(Source information)

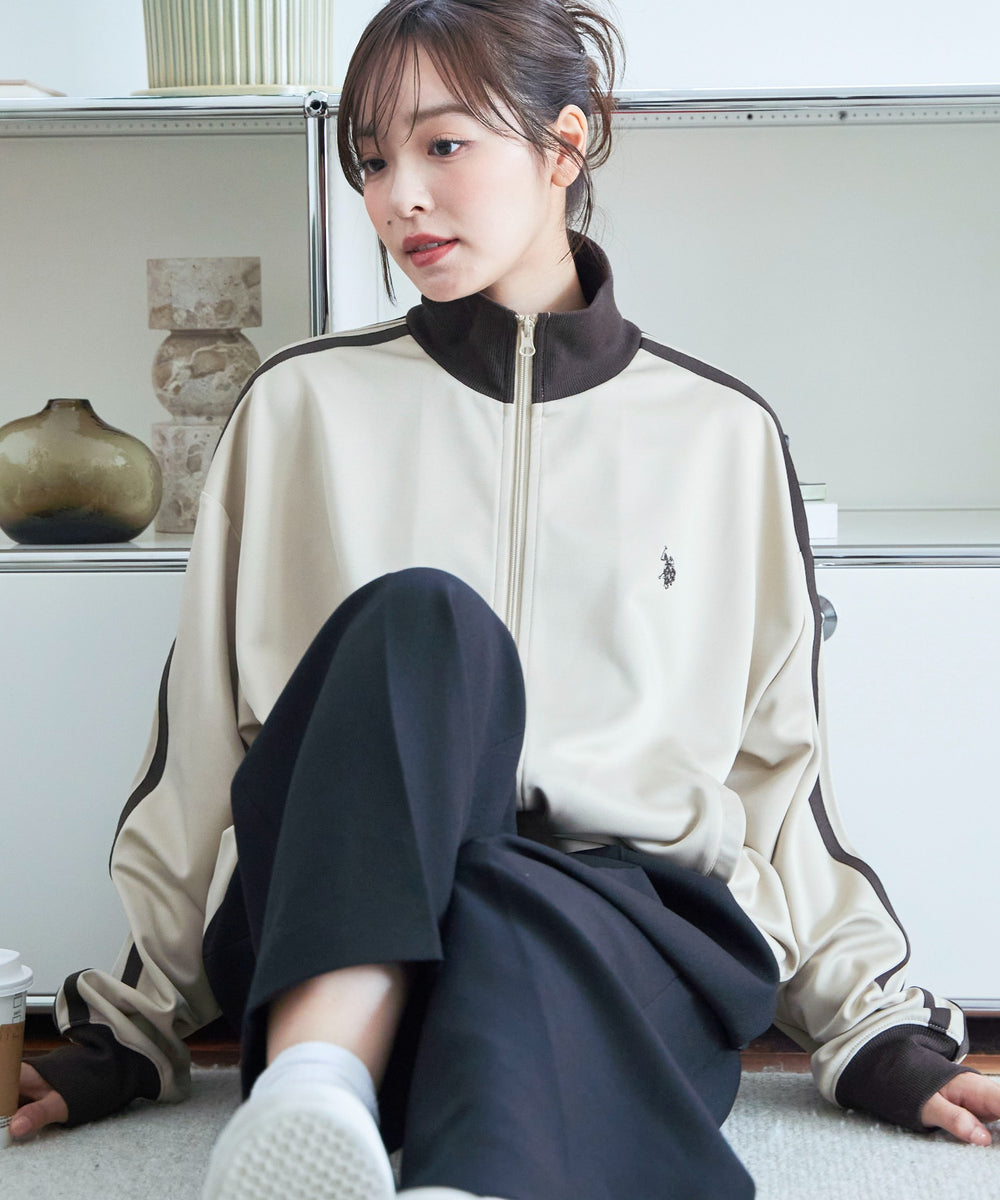 ベージュ モデル：165cm F着用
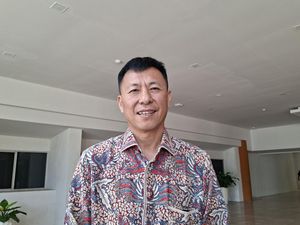 Tertarik Tanam Modal di NTB, Bos Perusahaan Investasi Asal Cina Temui Iqbal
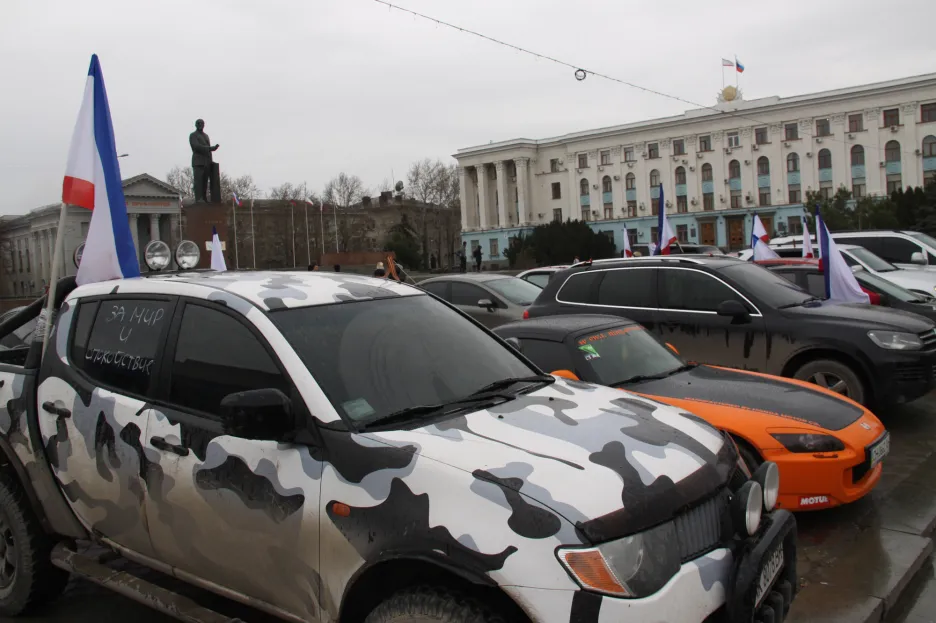 Auto ozdobené vlajkou Krymské autonomní republiky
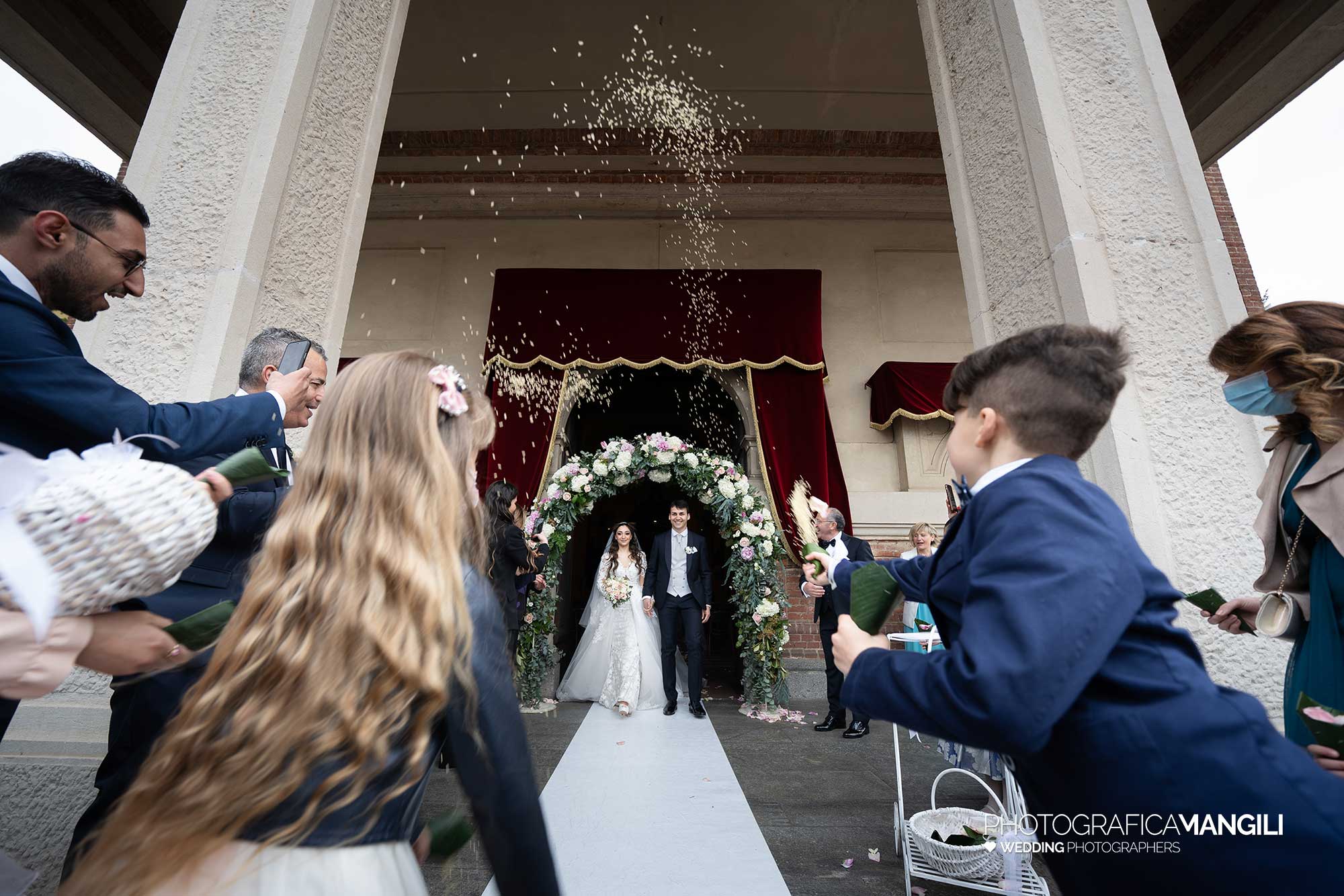 039 fotografo matrimonio wedding reportage sposi uscita chiesa lancio riso cislago varese yvonne marco 039 fotografo matrimonio wedding reportage sposi uscita chiesa lancio riso cislago varese yvonne marco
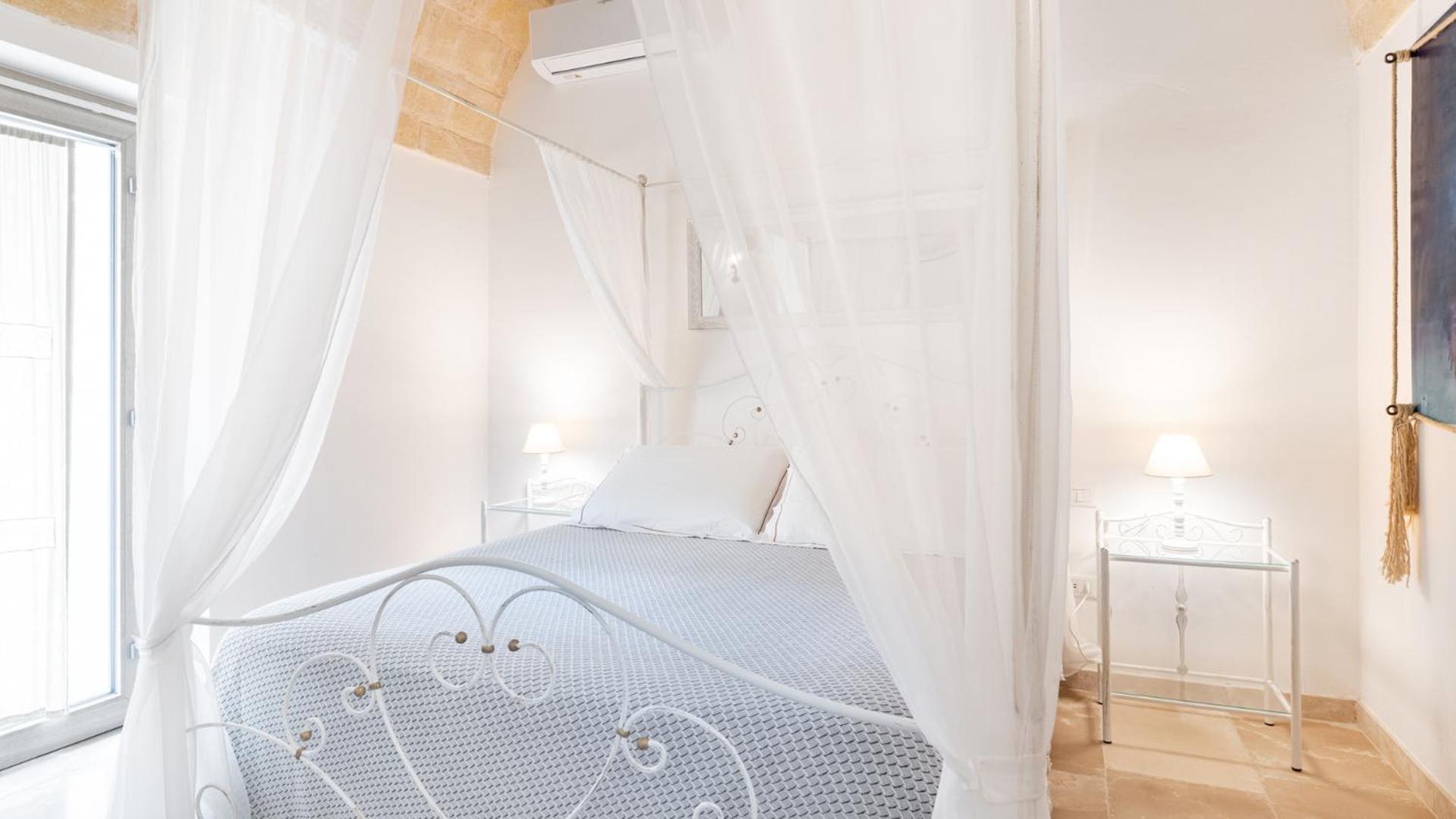 Bed and Breakfast Petranima Wellness In Trulli Остуни Экстерьер фото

(End Source information)

• What is expected: Your answer must be an exact copy of the lines above, from the line that contains "Tertarik Tanam Modal" through the final line, with no pictures in it.

• Task response:
 Tertarik Tanam Modal di NTB, Bos Perusahaan Investasi Asal Cina Temui Iqbal
 Auto ozdobené vlajkou Krymské autonomní republiky
 039 fotografo matrimonio wedding reportage sposi uscita chiesa lancio riso cislago varese yvonne marco 039 fotografo matrimonio wedding reportage sposi uscita chiesa lancio riso cislago varese yvonne marco
 Bed and Breakfast Petranima Wellness In Trulli Остуни Экстерьер фото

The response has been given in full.